School of Biomedical Informatics, The University of Texas Health Science Center at Houston, Houston, TX, 77030, USA.
Department of Computer Science, University of Central Florida, Orlando, FL, 32816, USA.
BMC Biol. 2021 Feb 16;19(1):32. doi: 10.1186/s12915-021-00964-y.
The genealogical histories of individuals within populations are of interest to studies aiming both to uncover detailed pedigree information and overall quantitative population demographic histories. However, the analysis of quantitative details of individual genealogical histories has faced challenges from incomplete available pedigree records and an absence of objective and quantitative details in pedigree information. Although complete pedigree information for most individuals is difficult to track beyond a few generations, it is possible to describe a person's genealogical history using their genetic relatives revealed by identity by descent (IBD) segments-long genomic segments shared by two individuals within a population, which are identical due to inheritance from common ancestors. When modern biobanks collect genotype information for a significant fraction of a population, dense genetic connections of a person can be traced using such IBD segments, offering opportunities to characterize individuals in the context of the underlying populations. Here, we conducted an individual-centric analysis of IBD segments among the UK Biobank participants that represent 0.7% of the UK population.

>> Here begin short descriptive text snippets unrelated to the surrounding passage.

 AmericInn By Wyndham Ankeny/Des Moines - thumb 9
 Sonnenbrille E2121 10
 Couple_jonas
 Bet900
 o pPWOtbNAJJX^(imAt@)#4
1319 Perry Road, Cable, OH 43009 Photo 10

We made a high-quality call set of IBD segments over 5 cM among all 500,000 UK Biobank participants. On average, one UK individual shares IBD segments with 14,000 UK Biobank participants, which we refer to as "relatives." Using these segments, approximately 80% of a person's genome can be imputed. We subsequently propose genealogical descriptors based on the genetic connections of relative cohorts of individuals sharing at least one IBD segment and show that such descriptors offer important information about one's genetic makeup, personal genealogical history, and social behavior. Through analysis of relative counts sharing segments at different lengths, we identified a group, potentially British Jews, who has a distinct pattern of familial expansion history. Finally, using the enrichment of relatives in one's neighborhood, we identified regional variations of personal preference favoring living closer to one's extended families.

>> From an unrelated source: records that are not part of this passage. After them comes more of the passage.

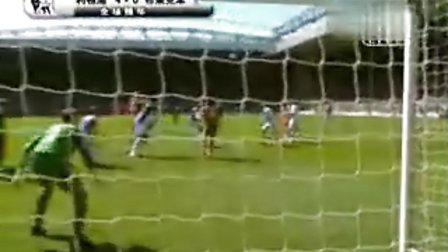 引入新球员 引入新球员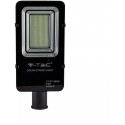 Solar Street Light V-TAC 50W LED IP65 VT-ST200 6000K 4000lm Solar Street Light V-TAC 50W LED IP65 VT-ST200 6000K 4000lm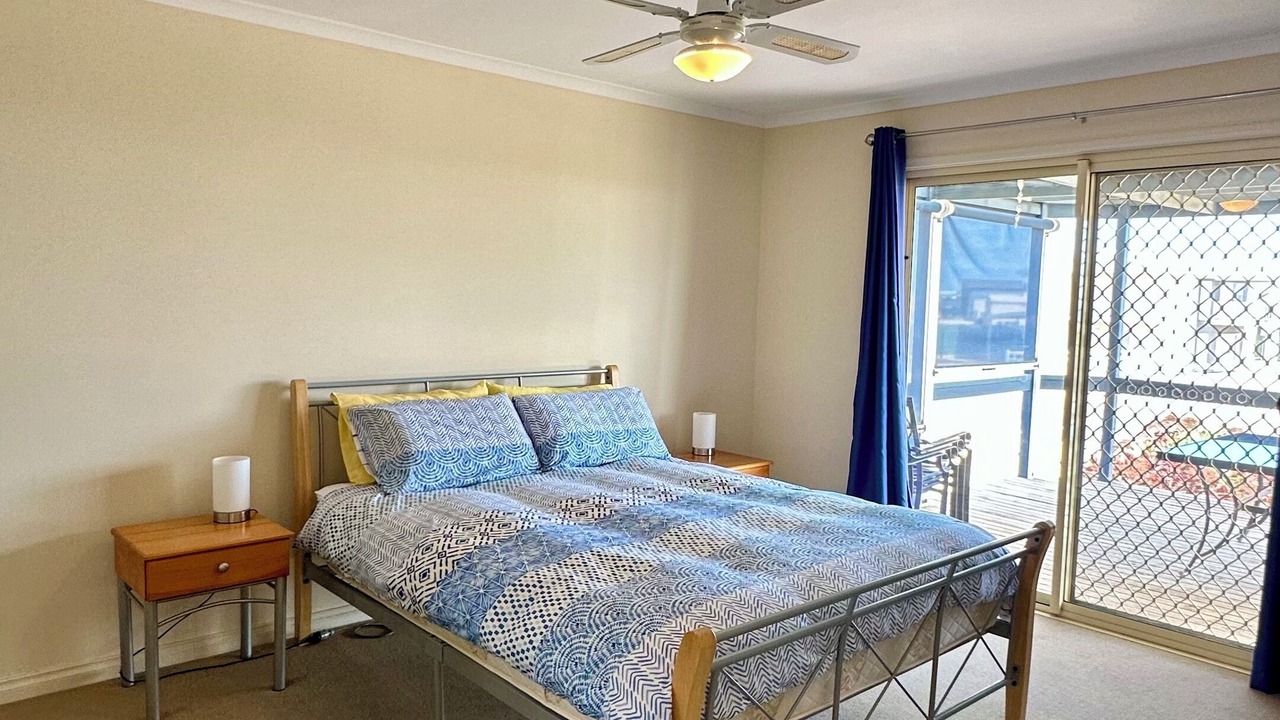 Photo of Bedroom in Para Wurlie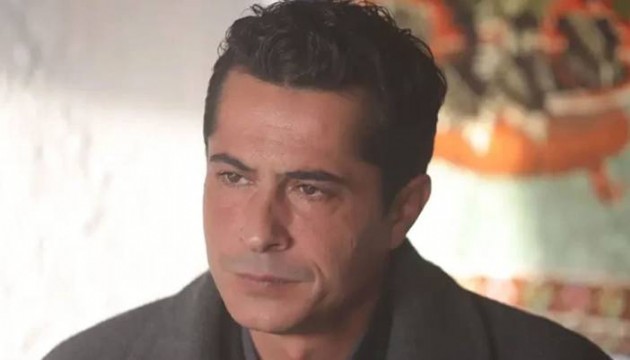 İsmail Hacıoğlu'nun yerine gelecek isim belli oldu!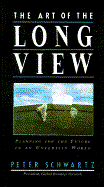 The Art of the Long View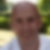 Photo de profil de Gwenael Jouan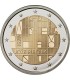 2 Euro Eslovenia 2022 - Joze Plecnik €3.20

Our analysis revealed genetic makeup, personal genealogical history, and social behaviors at the population scale, opening possibilities for further studies of individual's genetic connections in biobank data.
个体的系谱历史对于旨在揭示详细谱系信息和整体定量人口历史的研究很有意义。然而,分析个体系谱历史的定量细节面临着来自不完全的可用谱系记录以及谱系信息中缺乏客观和定量细节的挑战。尽管大多数个体的完整谱系信息很难追溯到几代以上,但可以使用通过血缘关系(IBD)片段揭示的遗传亲属来描述一个人的系谱历史——人群中两个个体之间共享的长基因组片段,由于从共同祖先继承而相同。当现代生物库为人群的很大一部分收集基因型信息时,可以使用这些 IBD 片段追踪一个人的密集遗传联系,为在潜在人群背景下描述个体提供机会。在这里,我们对代表英国人口 0.7%的英国生物库参与者中的 IBD 片段进行了以个体为中心的分析。
我们对所有 50 万英国生物库参与者进行了 5cM 以上的 IBD 片段高质量调用集。平均而言,一个英国个体与 14000 个英国生物库参与者共享 IBD 片段,我们称之为“亲属”。使用这些片段,大约 80%的基因组可以进行推断。随后,我们基于至少共享一个 IBD 片段的亲属群体的遗传联系提出了系谱描述符,并表明这些描述符提供了有关一个人遗传构成、个人系谱历史和社会行为的重要信息。通过分析在不同长度上共享片段的相对数量,我们确定了一个群体,可能是英国犹太人,他们的家族扩张历史模式独特。最后,利用一个人邻居中亲属的富集情况,我们确定了个人偏好更倾向于居住在其大家庭附近的区域差异。
我们的分析揭示了群体层面的遗传构成、个人系谱历史和社会行为,为进一步研究生物库数据中个体的遗传联系提供了可能性。